Data for this exercise
══════

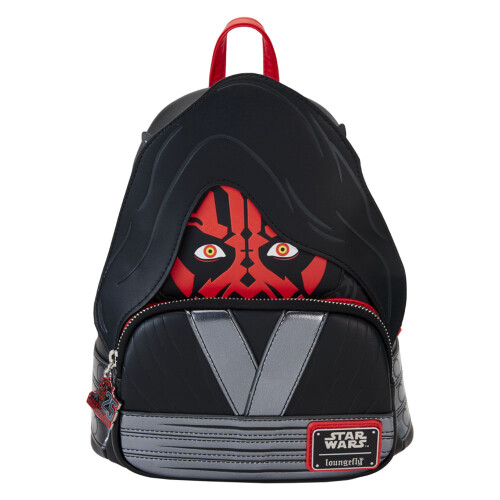 Star Wars Phantom Menace 25th Anniv Darth Maul w/ Hood Mini Backpack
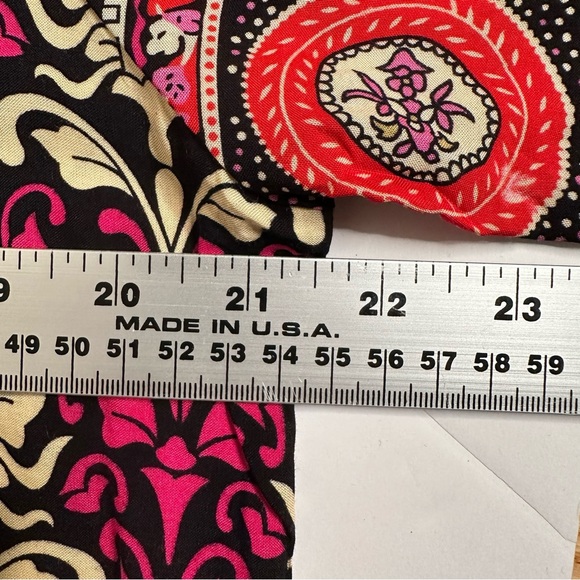 Women’s Embroidered Sequin Multi-Colour Print Boho Top Large - Picture 5 of 7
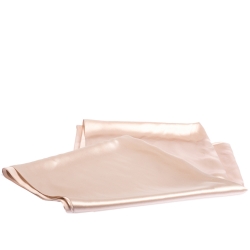 Pre Owned Roberto Cavalli Champagne Pink Silk Satin Stole 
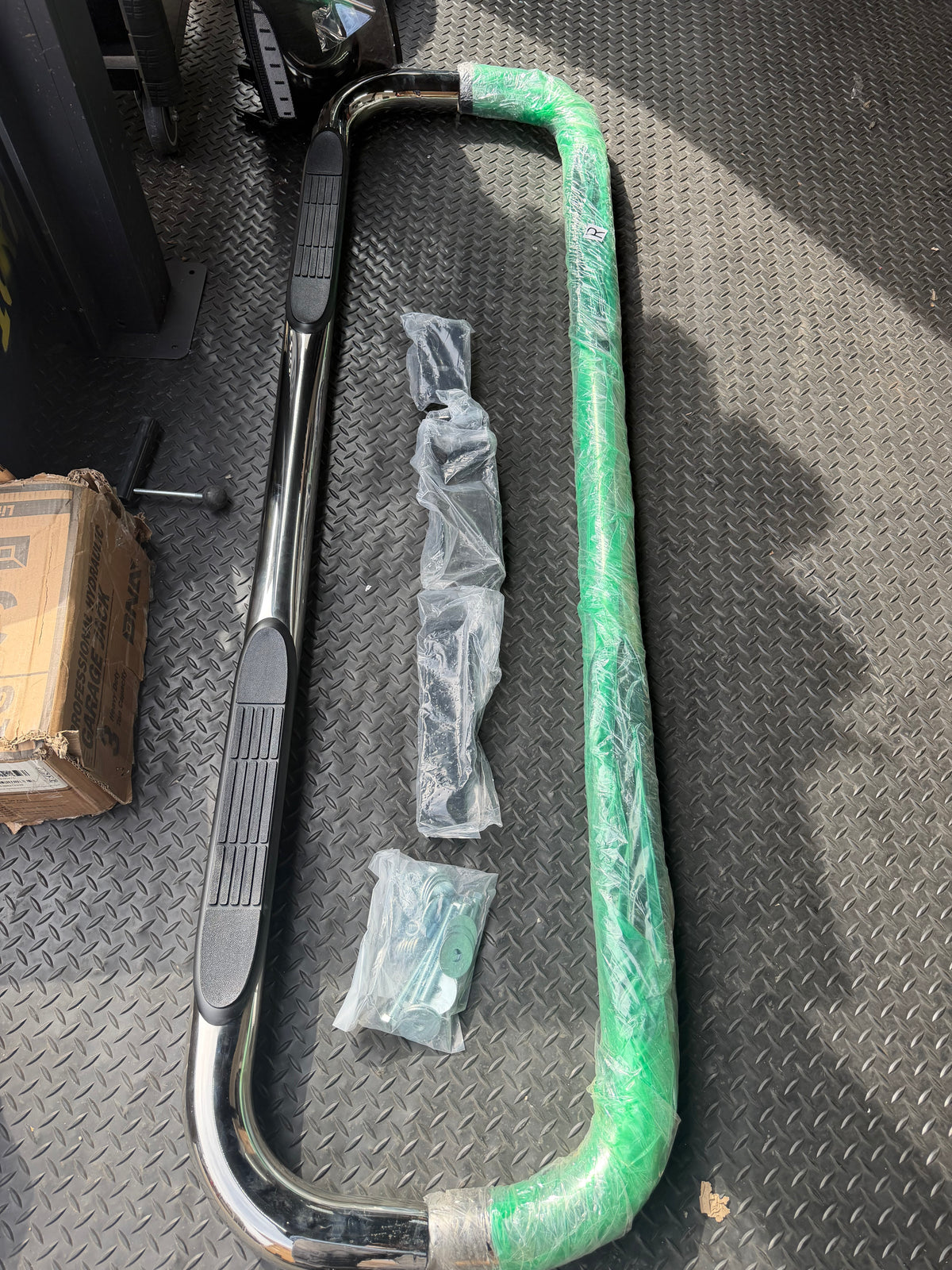 1999-2019 Silverado/Sierra Extended Cab 3" Stainless Nerf Bars - Open Box | Final Sale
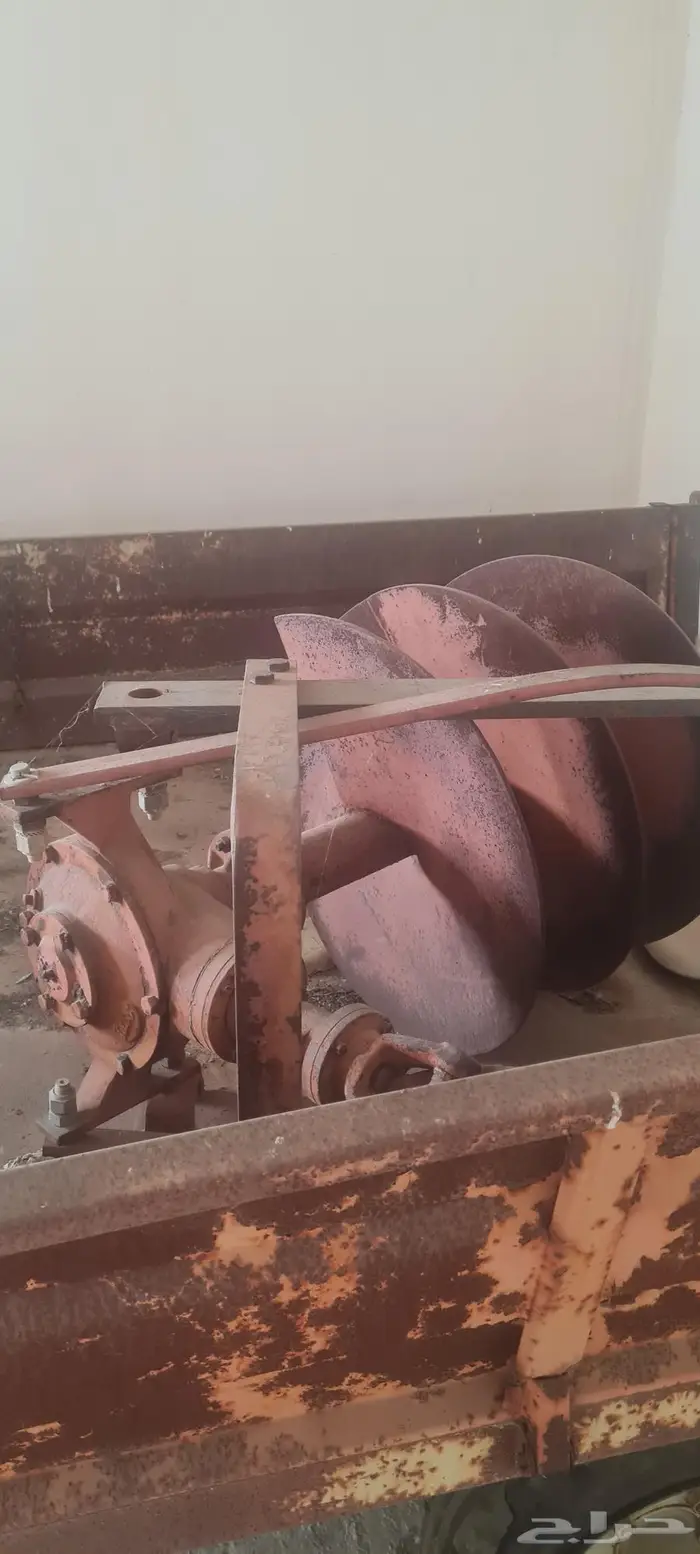 حراثة ألماني بحالة جيدة 1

══════

Print each line from the one containing "Women’s Embroidered Sequin" through the last line of the listing, both included, exactly and with no pictures.

Finished exercise
 Women’s Embroidered Sequin Multi-Colour Print Boho Top Large - Picture 5 of 7
 Pre Owned Roberto Cavalli Champagne Pink Silk Satin Stole 
 1999-2019 Silverado/Sierra Extended Cab 3" Stainless Nerf Bars - Open Box | Final Sale
 حراثة ألماني بحالة جيدة 1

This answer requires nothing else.